Civic centre naming rights a no go

While city council is willing to develop sponsorship deals in the new civic centre, it's hands-off the name.

A city staff report came to council Monday looking for direction on what types of corporate sponsorship to pursue. They gave the go-ahead to go after many types inside the building but nixed selling naming rights to the facility.

Before the meeting, Coun. Jonathan Coté said the facility is too important to the city, and it is too tied to the identity of the city to have a corporate connection.

"It would take away from the brand, and from what the facility is all about which is about being the cultural hub," said Coté.

Parks, recreation and culture director Dean Gibson, who wrote the report, said exploring corporate sponsorship for the civic centre is a topic his department has been kicking around lately after a recent workshop.

"In all the range of things we've been discussing about the civic centre even when the idea was conceived many, many years ago, one of the themes that was discussed was revenue generation beyond our traditional means to recoup some of the expenses," said Gibson. "Do we want to go down a path to explore this notion of sponsorship?
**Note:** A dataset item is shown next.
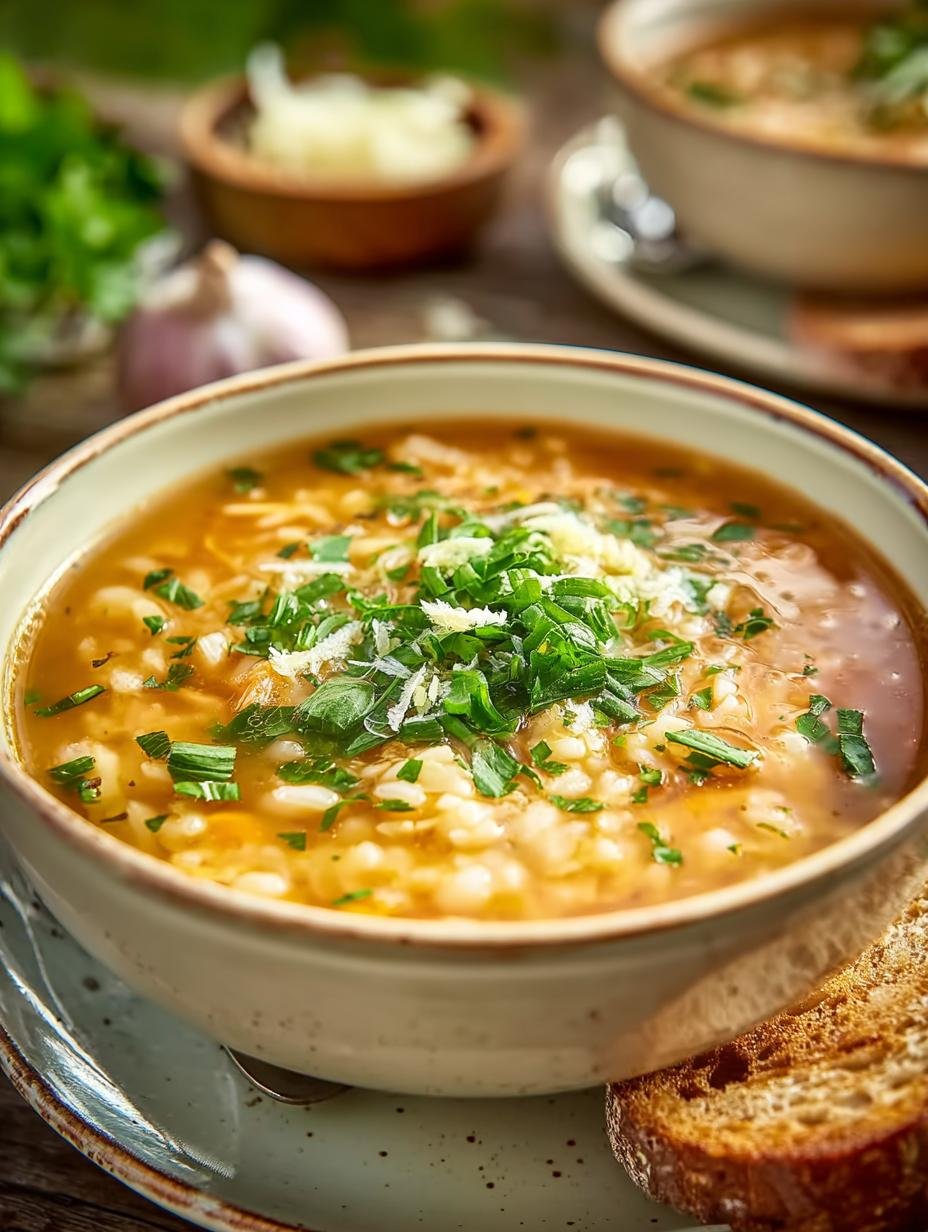 Quick and Comforting Italian Penicillin Soup Recipe - Italian Penicillin Soup - main visual representation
And if we do, we've got some work to do with it."

There are other more modest means of corporate sponsorship besides the naming rights the city could pursue aggressively, said Gibson. What's unknown is how much of an appetite there is for commercialism in the public domain.

Surveys done by the city in the past show residents are generally supportive, those who are opposed to the concept are  "very opposed," said Coté. "There is still a significant sector of the population that have strong feelings about it."

Gibson said sponsorship is a very different animal than it was just 15 or 20 years ago. It's not just a sign board filled with business ads on a wall in a hockey rink.

He said the civic centre is a test case for what works well that could be used as a template to develop sponsorships for other facilities in the city, or for future projects like redevelopment of the Canada Games Pool.